When you reach the line containing "İEÜ, Türkiye'nin en" in the entries below, begin reproducing lines exactly, and stop once the line containing "Snapshot of Hluga_25" is done.

- _Source records_
........
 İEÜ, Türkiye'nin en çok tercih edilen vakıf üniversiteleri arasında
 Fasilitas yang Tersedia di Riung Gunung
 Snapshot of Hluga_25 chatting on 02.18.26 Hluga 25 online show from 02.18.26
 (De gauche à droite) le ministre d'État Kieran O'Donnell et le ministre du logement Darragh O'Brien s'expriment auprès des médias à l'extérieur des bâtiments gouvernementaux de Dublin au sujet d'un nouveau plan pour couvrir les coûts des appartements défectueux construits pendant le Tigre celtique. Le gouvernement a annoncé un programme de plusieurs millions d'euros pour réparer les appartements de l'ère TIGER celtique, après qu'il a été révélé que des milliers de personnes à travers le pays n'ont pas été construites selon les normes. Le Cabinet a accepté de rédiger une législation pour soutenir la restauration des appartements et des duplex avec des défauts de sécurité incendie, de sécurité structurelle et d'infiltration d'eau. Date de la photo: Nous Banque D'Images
........
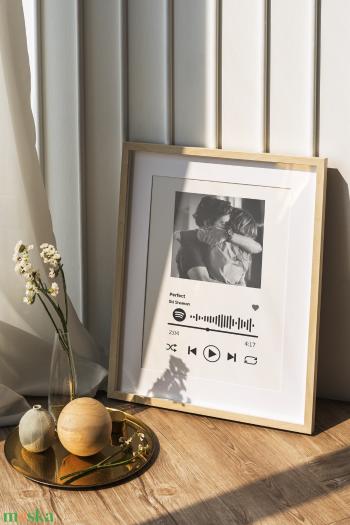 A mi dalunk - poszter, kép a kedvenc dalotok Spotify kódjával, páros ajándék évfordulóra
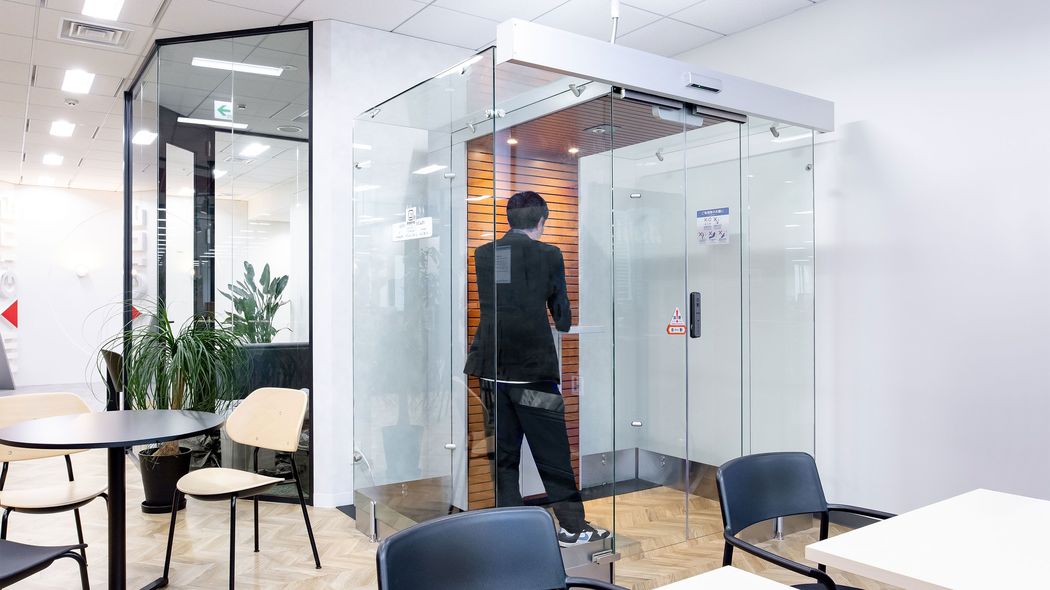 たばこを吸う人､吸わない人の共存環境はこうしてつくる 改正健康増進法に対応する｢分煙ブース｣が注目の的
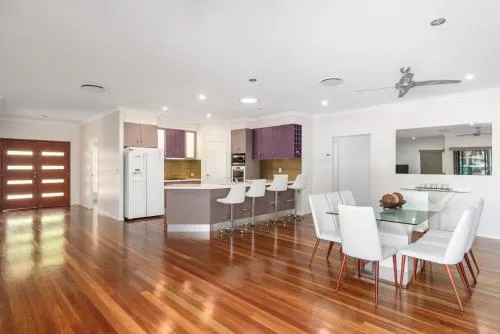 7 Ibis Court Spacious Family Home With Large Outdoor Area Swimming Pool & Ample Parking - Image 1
........
- _Exercise solution_
 İEÜ, Türkiye'nin en çok tercih edilen vakıf üniversiteleri arasında
 Fasilitas yang Tersedia di Riung Gunung
 Snapshot of Hluga_25 chatting on 02.18.26 Hluga 25 online show from 02.18.26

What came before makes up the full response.